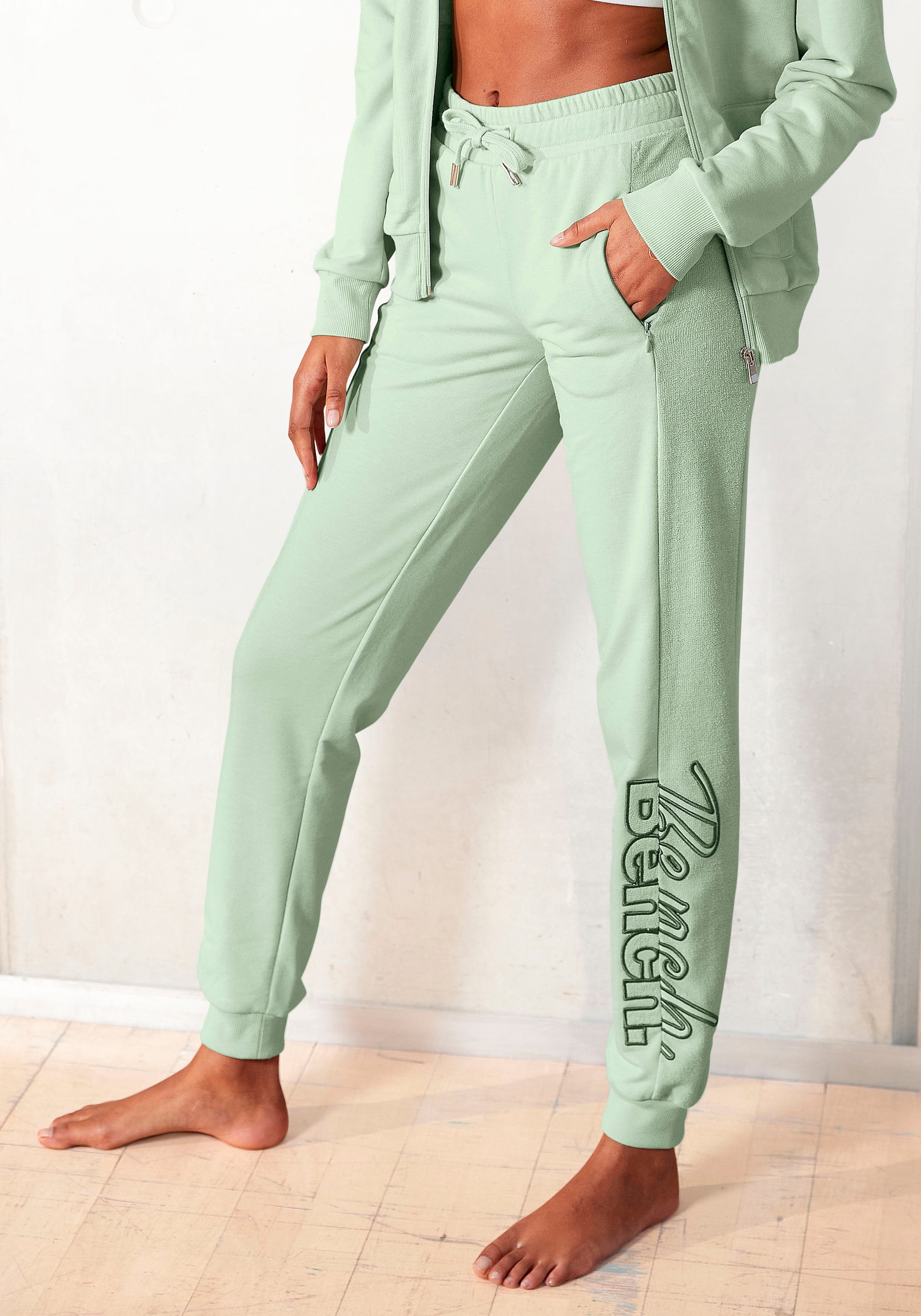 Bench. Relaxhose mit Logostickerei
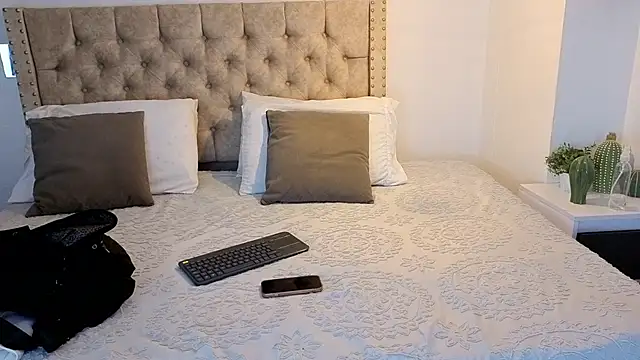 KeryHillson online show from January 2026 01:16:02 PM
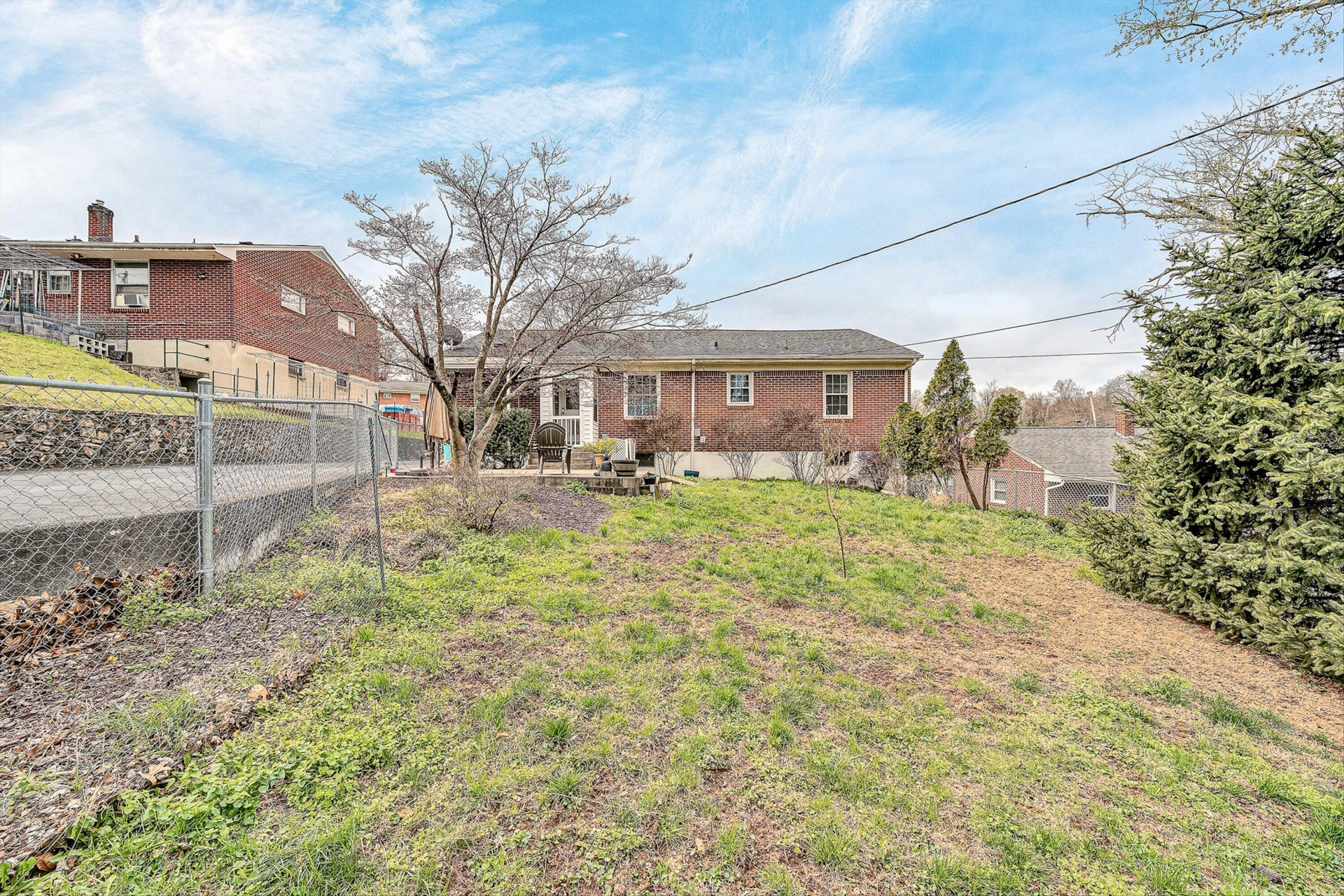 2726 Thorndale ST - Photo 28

**Task to complete:** Transcribe the material exactly, keeping every word and none of the pictures.

**Answer to the problem:**
 Bench. Relaxhose mit Logostickerei
 KeryHillson online show from January 2026 01:16:02 PM
 2726 Thorndale ST - Photo 28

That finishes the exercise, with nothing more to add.